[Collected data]
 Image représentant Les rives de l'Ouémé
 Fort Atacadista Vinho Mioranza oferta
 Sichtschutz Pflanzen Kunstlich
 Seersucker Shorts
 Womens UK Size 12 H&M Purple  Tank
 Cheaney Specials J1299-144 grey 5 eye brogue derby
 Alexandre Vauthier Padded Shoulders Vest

==

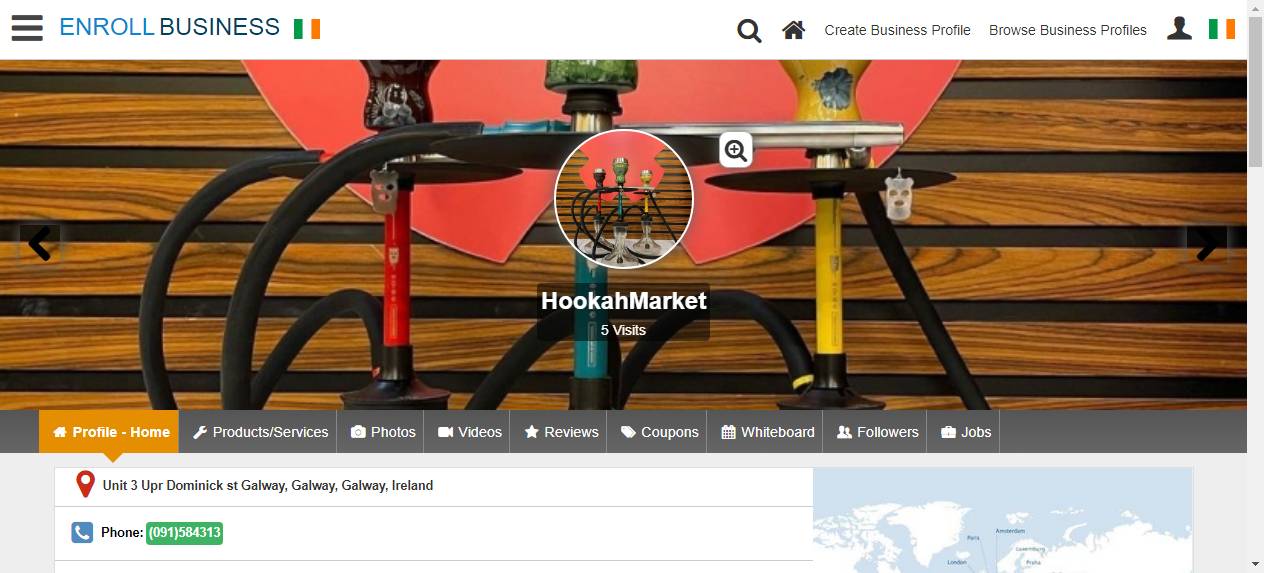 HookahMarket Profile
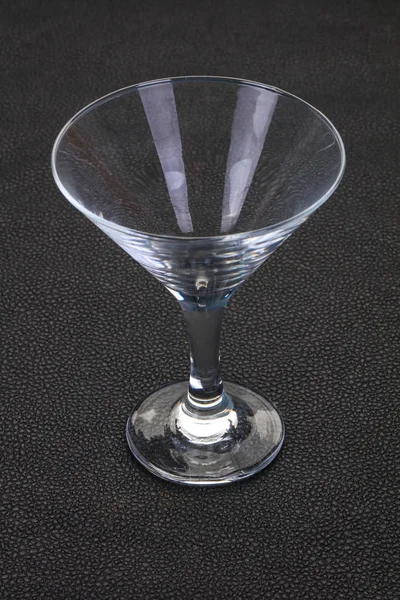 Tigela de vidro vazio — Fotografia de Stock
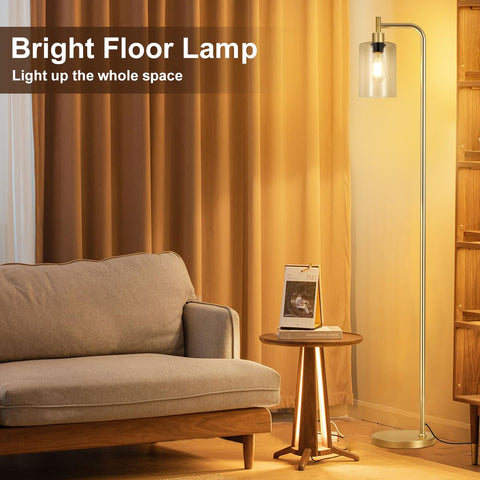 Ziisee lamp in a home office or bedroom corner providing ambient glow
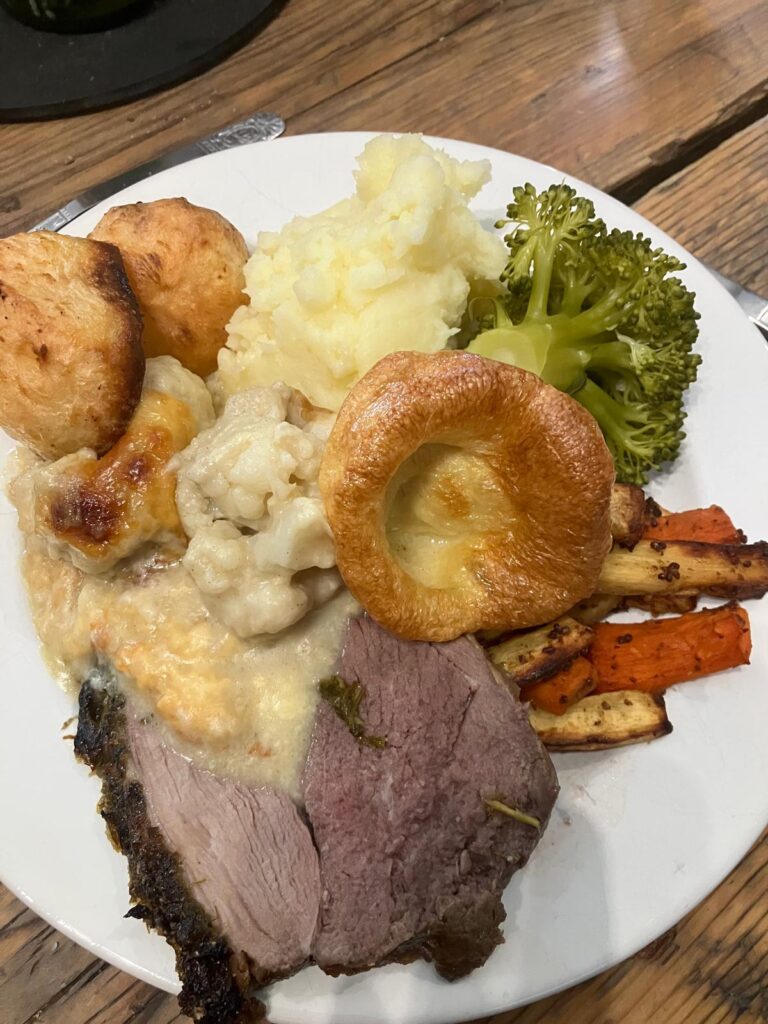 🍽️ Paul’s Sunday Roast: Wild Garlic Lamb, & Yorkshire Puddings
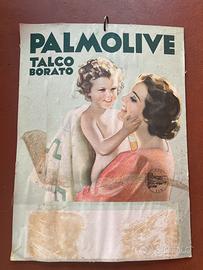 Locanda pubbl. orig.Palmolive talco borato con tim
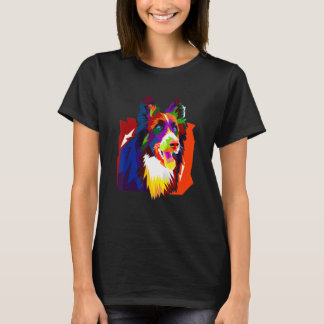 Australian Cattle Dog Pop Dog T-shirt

---

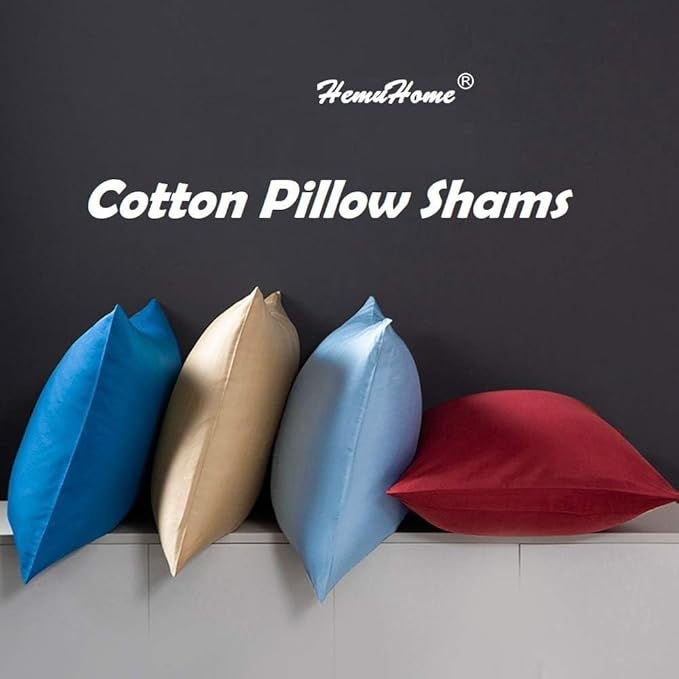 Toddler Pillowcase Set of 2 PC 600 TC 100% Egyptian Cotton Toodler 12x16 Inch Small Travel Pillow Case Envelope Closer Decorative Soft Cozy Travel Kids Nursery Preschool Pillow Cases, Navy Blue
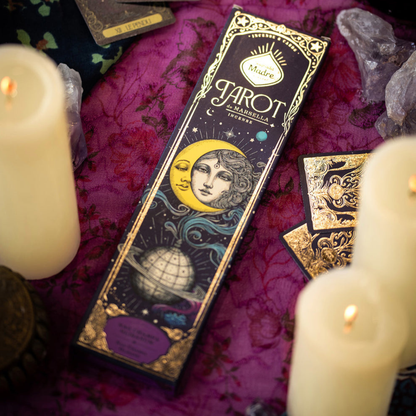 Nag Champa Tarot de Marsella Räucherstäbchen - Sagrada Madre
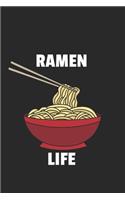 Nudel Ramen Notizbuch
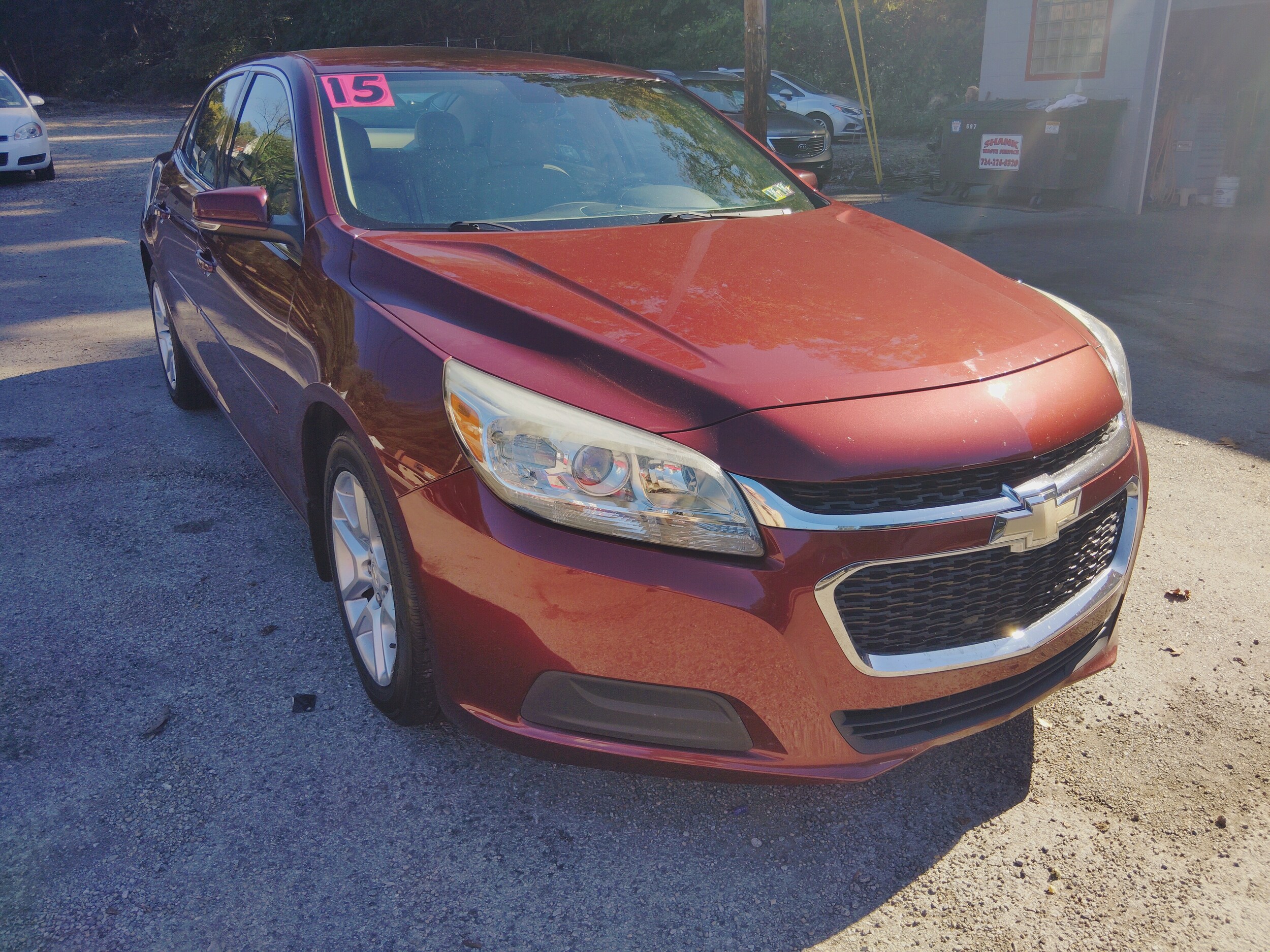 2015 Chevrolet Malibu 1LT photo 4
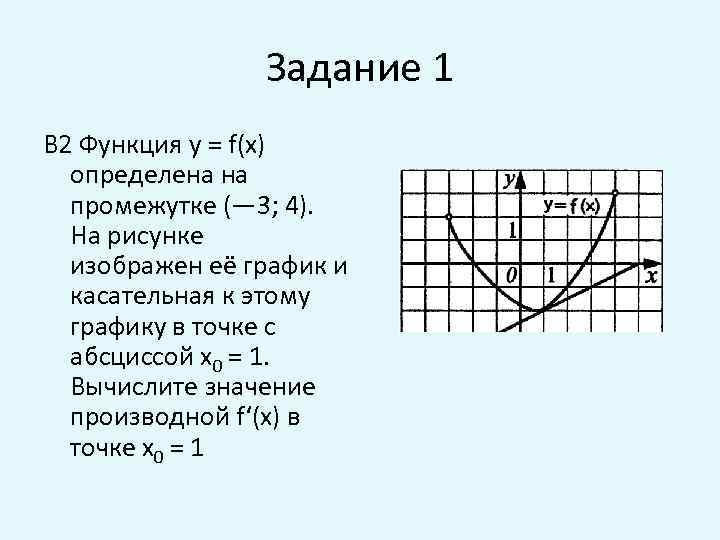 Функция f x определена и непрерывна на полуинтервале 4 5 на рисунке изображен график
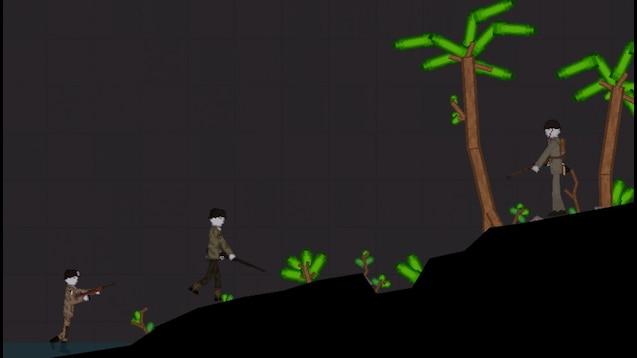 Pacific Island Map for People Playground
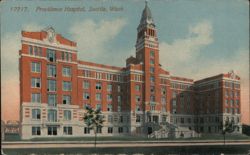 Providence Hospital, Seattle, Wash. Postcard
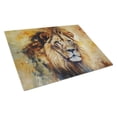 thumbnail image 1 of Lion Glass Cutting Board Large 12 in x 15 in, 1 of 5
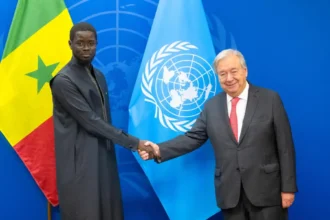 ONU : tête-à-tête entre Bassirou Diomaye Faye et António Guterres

• AIM OF THE EXERCISE
Would you print exactly, and only, the lines of the data above from the line with "Womens UK Size" through the line with "Alexandre Vauthier Padded Shoulders Vest", inclusive?

• COMPLETED TASK
 Womens UK Size 12 H&M Purple  Tank
 Cheaney Specials J1299-144 grey 5 eye brogue derby
 Alexandre Vauthier Padded Shoulders Vest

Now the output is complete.